#### WHAT THE TASK REQUIRES:
Set down, exactly as they stand, the lines from the one containing "Maison 1 172 000 € - 170 m²" through the last line of the records below, leaving every picture out.

#### RECORD SET:
»»
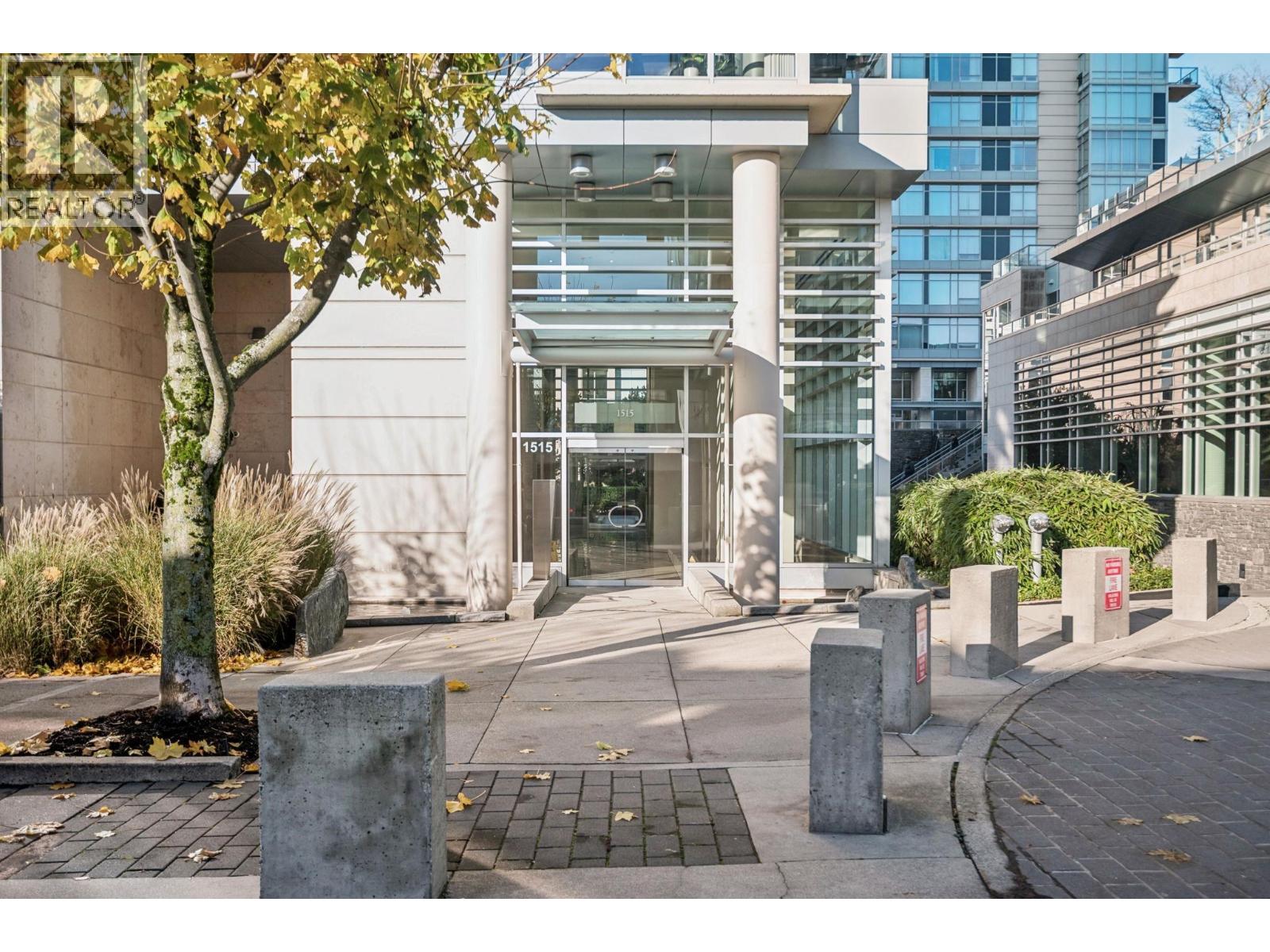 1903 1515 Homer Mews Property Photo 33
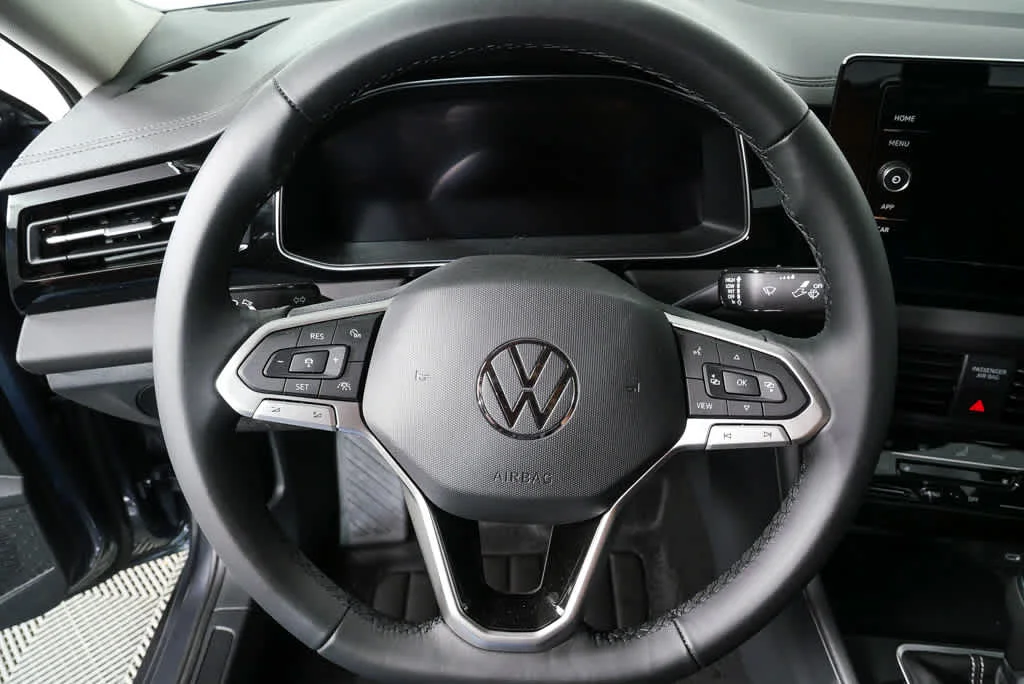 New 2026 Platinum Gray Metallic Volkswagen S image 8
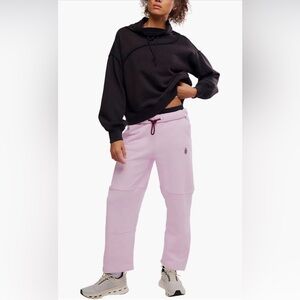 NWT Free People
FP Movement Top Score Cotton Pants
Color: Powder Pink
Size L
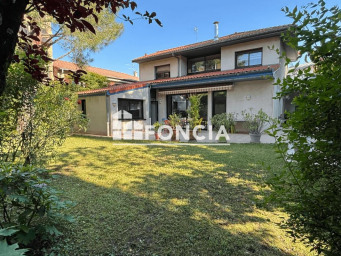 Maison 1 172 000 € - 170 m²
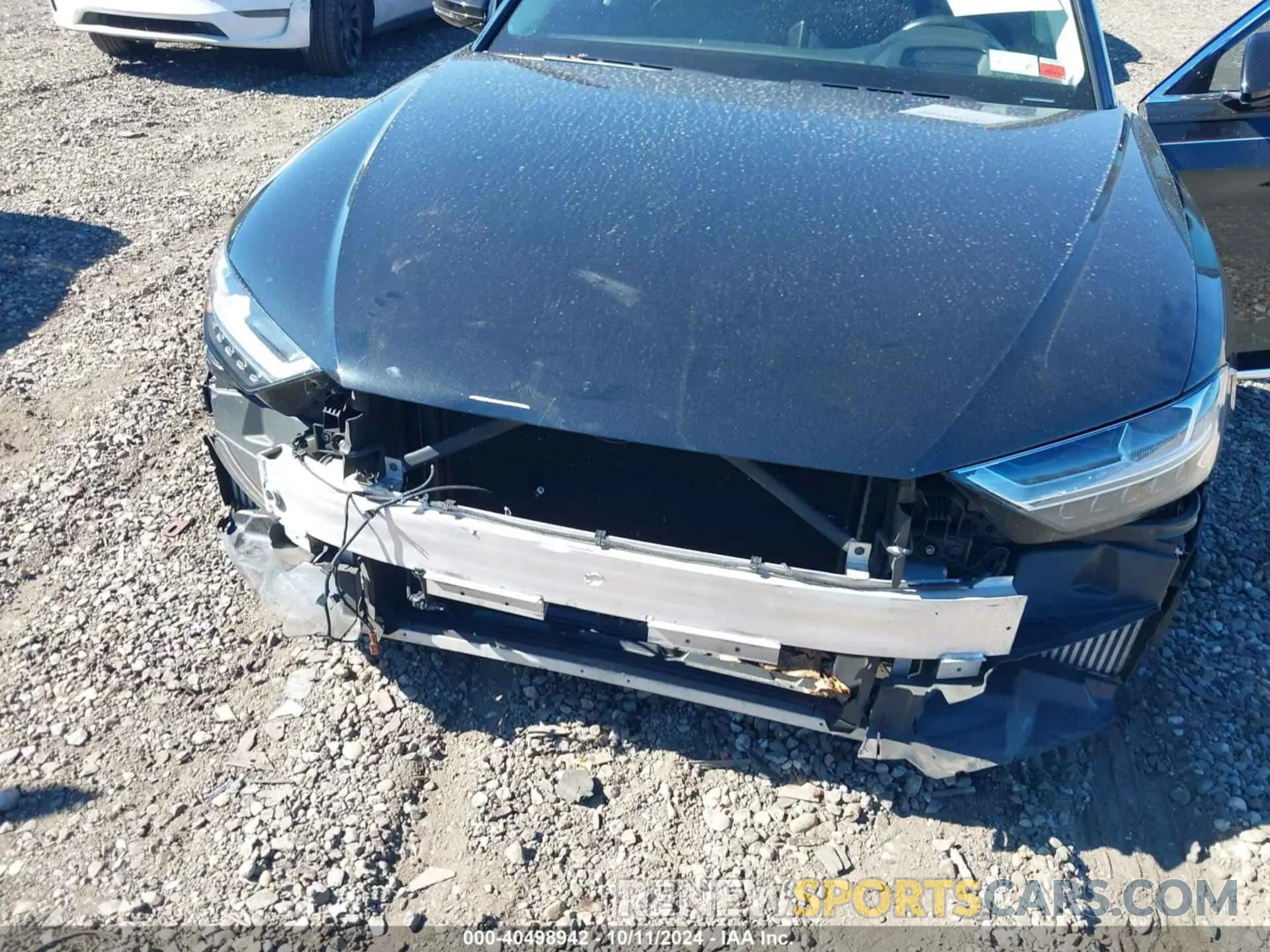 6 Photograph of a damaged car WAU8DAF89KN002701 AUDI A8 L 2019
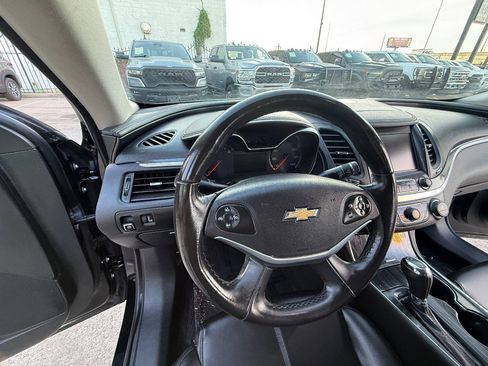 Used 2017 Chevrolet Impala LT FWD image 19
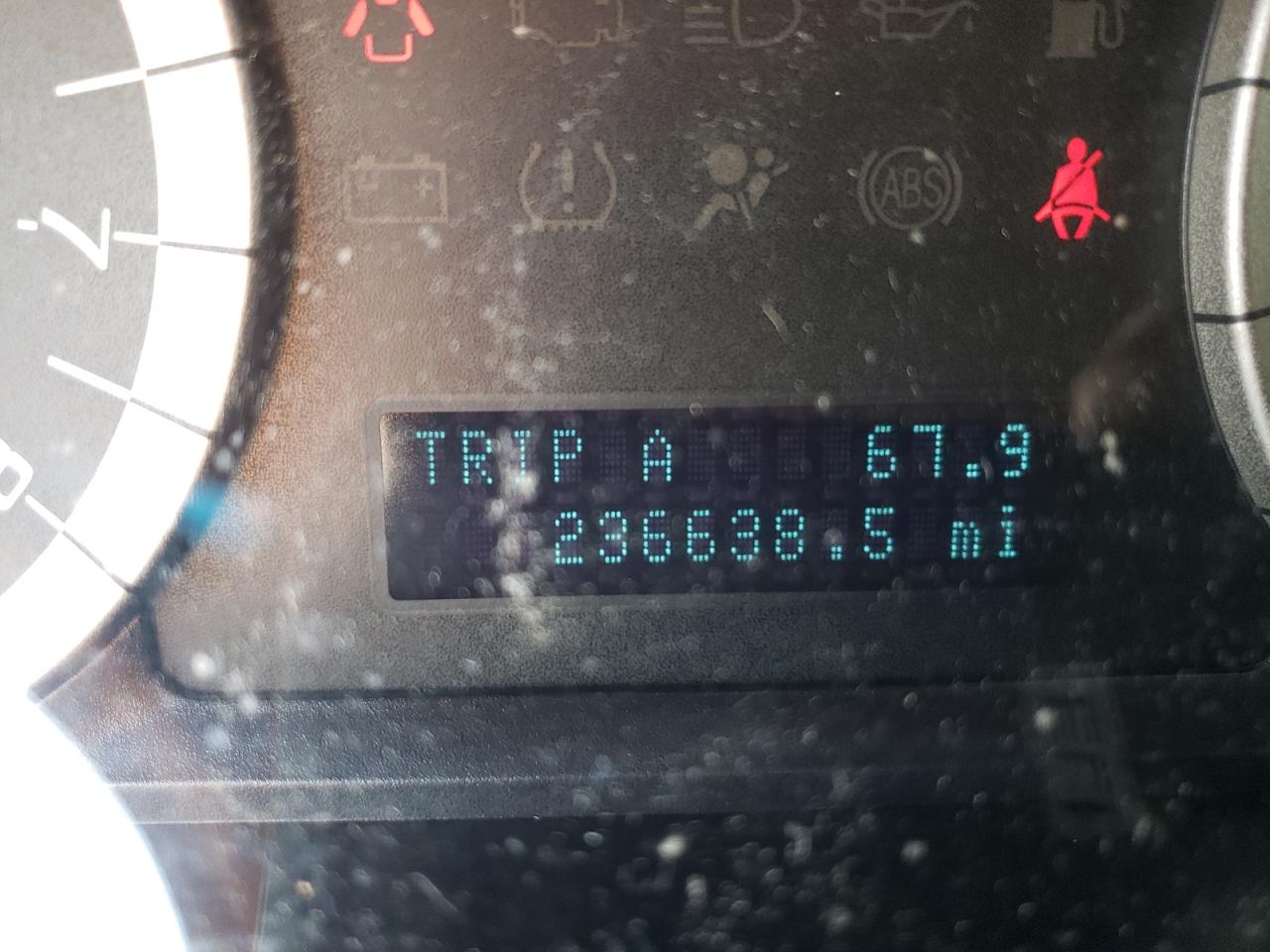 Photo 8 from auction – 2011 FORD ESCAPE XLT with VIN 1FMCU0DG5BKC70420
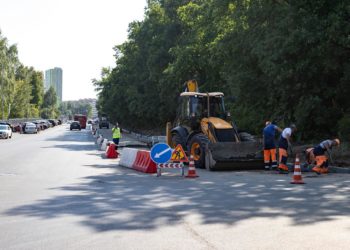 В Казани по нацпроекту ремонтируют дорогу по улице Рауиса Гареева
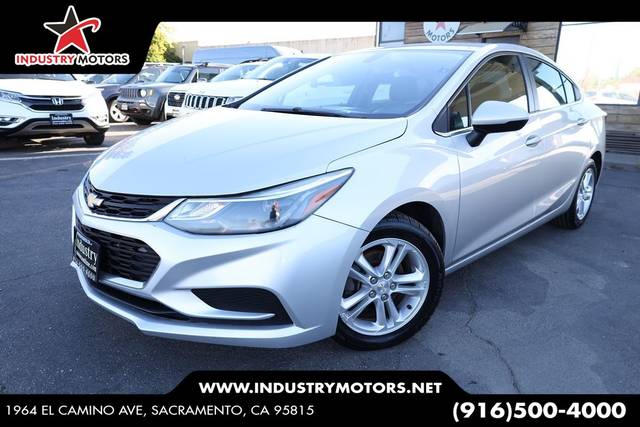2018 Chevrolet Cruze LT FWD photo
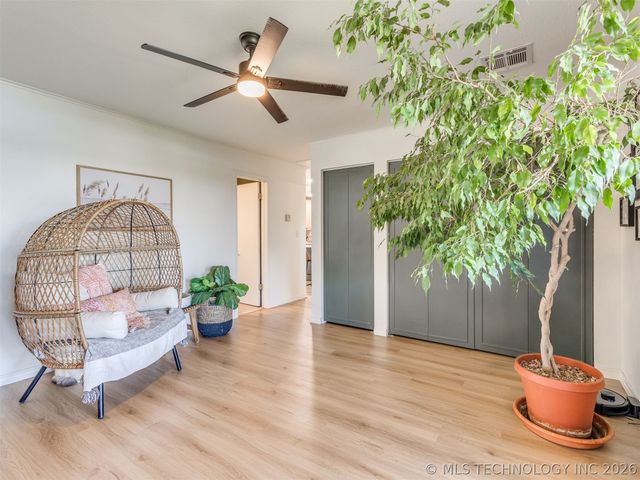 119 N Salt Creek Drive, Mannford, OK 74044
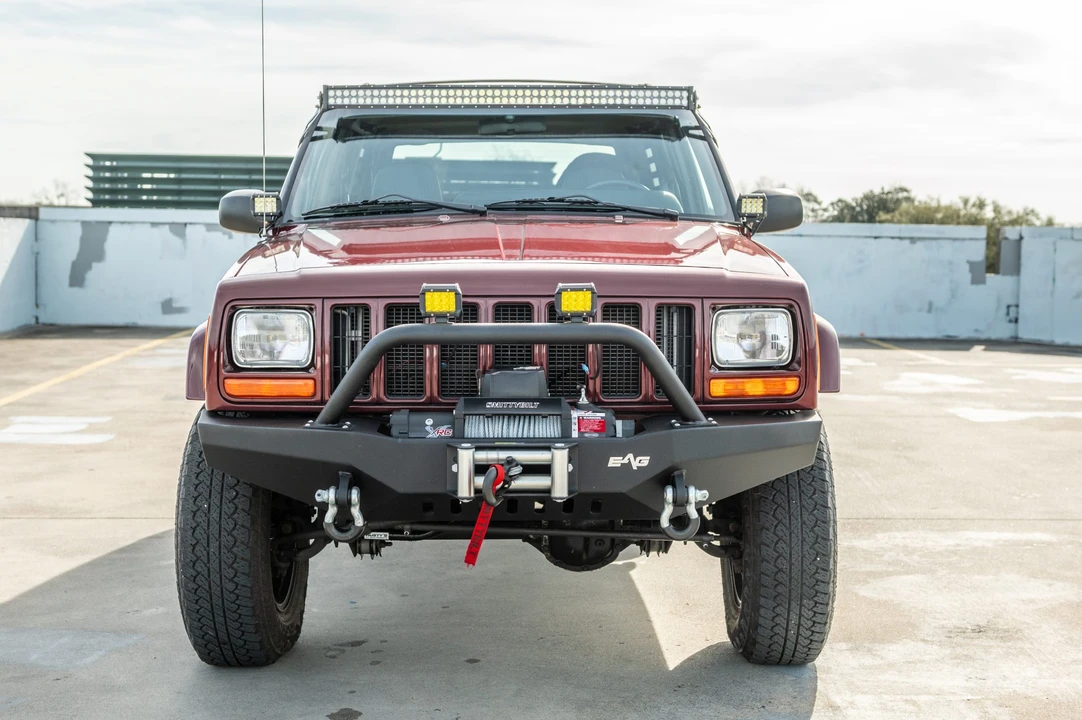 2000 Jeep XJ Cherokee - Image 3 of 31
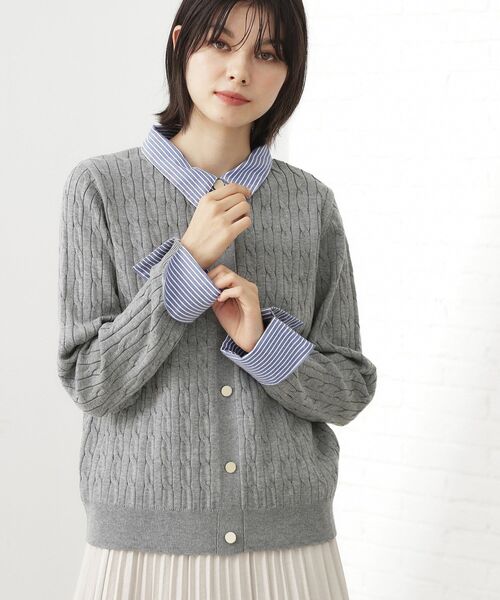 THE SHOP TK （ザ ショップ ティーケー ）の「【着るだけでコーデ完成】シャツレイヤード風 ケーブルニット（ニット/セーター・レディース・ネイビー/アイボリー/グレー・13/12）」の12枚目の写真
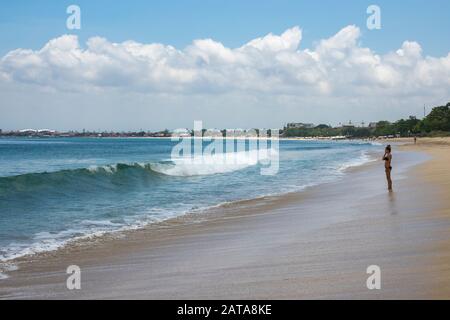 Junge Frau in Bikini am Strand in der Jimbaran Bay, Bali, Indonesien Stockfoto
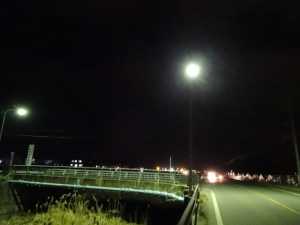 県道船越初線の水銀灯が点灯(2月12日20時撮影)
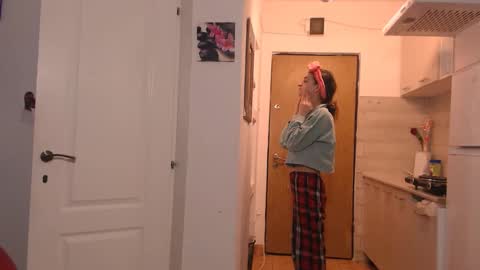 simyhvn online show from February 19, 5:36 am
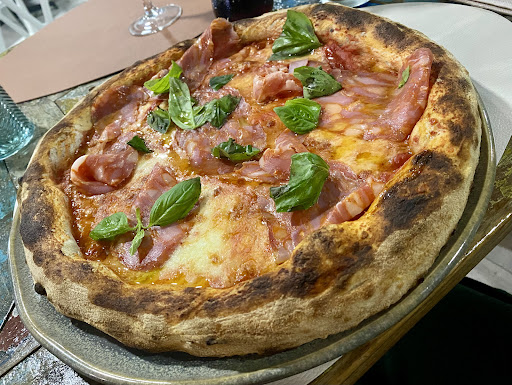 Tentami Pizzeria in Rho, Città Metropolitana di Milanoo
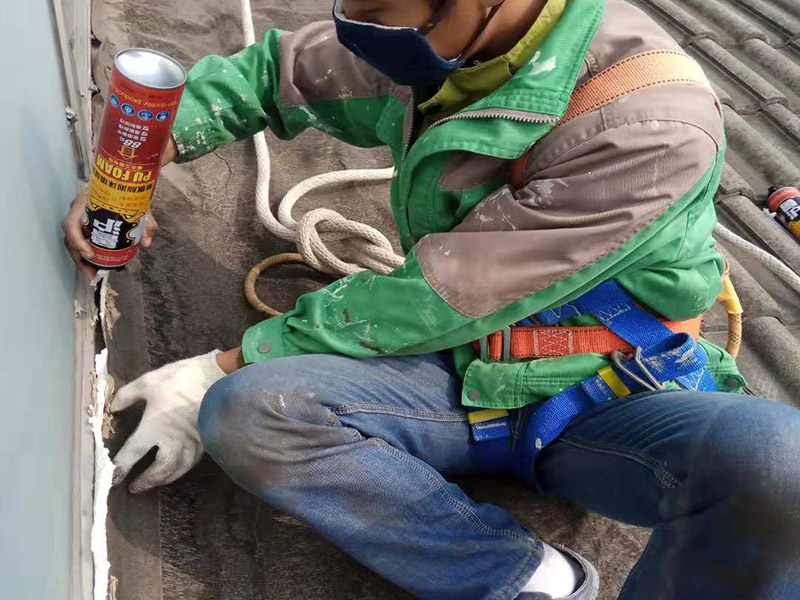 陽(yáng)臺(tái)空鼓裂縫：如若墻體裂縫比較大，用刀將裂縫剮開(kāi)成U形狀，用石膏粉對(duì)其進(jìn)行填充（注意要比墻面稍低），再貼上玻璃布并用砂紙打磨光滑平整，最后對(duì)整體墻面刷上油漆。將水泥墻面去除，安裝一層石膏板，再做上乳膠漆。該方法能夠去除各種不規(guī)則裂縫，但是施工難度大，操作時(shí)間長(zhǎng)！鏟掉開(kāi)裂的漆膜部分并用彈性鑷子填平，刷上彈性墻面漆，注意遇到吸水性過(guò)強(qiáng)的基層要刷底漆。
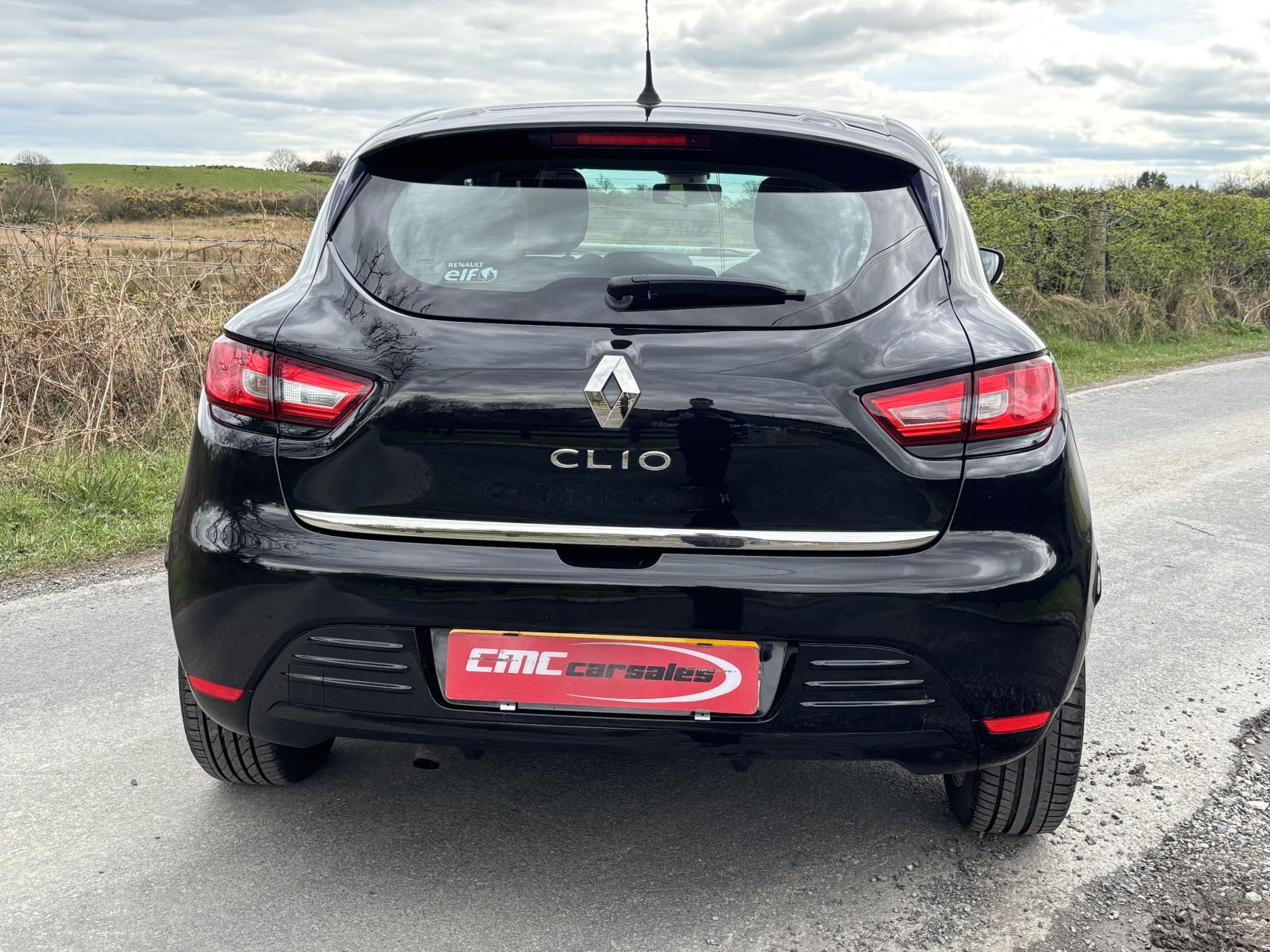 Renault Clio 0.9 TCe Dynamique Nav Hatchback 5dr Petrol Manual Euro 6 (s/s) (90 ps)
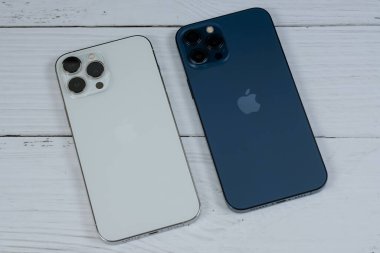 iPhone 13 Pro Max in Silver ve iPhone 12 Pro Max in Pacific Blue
««
#### FINISHED TASK:
 Maison 1 172 000 € - 170 m²
 6 Photograph of a damaged car WAU8DAF89KN002701 AUDI A8 L 2019
 Used 2017 Chevrolet Impala LT FWD image 19
 Photo 8 from auction – 2011 FORD ESCAPE XLT with VIN 1FMCU0DG5BKC70420
 В Казани по нацпроекту ремонтируют дорогу по улице Рауиса Гареева
2018 Chevrolet Cruze LT FWD photo
 119 N Salt Creek Drive, Mannford, OK 74044
 2000 Jeep XJ Cherokee - Image 3 of 31
 THE SHOP TK （ザ ショップ ティーケー ）の「【着るだけでコーデ完成】シャツレイヤード風 ケーブルニット（ニット/セーター・レディース・ネイビー/アイボリー/グレー・13/12）」の12枚目の写真
 Junge Frau in Bikini am Strand in der Jimbaran Bay, Bali, Indonesien Stockfoto
 県道船越初線の水銀灯が点灯(2月12日20時撮影)
 simyhvn online show from February 19, 5:36 am
 Tentami Pizzeria in Rho, Città Metropolitana di Milanoo
 陽(yáng)臺(tái)空鼓裂縫：如若墻體裂縫比較大，用刀將裂縫剮開(kāi)成U形狀，用石膏粉對(duì)其進(jìn)行填充（注意要比墻面稍低），再貼上玻璃布并用砂紙打磨光滑平整，最后對(duì)整體墻面刷上油漆。將水泥墻面去除，安裝一層石膏板，再做上乳膠漆。該方法能夠去除各種不規(guī)則裂縫，但是施工難度大，操作時(shí)間長(zhǎng)！鏟掉開(kāi)裂的漆膜部分并用彈性鑷子填平，刷上彈性墻面漆，注意遇到吸水性過(guò)強(qiáng)的基層要刷底漆。
 Renault Clio 0.9 TCe Dynamique Nav Hatchback 5dr Petrol Manual Euro 6 (s/s) (90 ps)
 iPhone 13 Pro Max in Silver ve iPhone 12 Pro Max in Pacific Blue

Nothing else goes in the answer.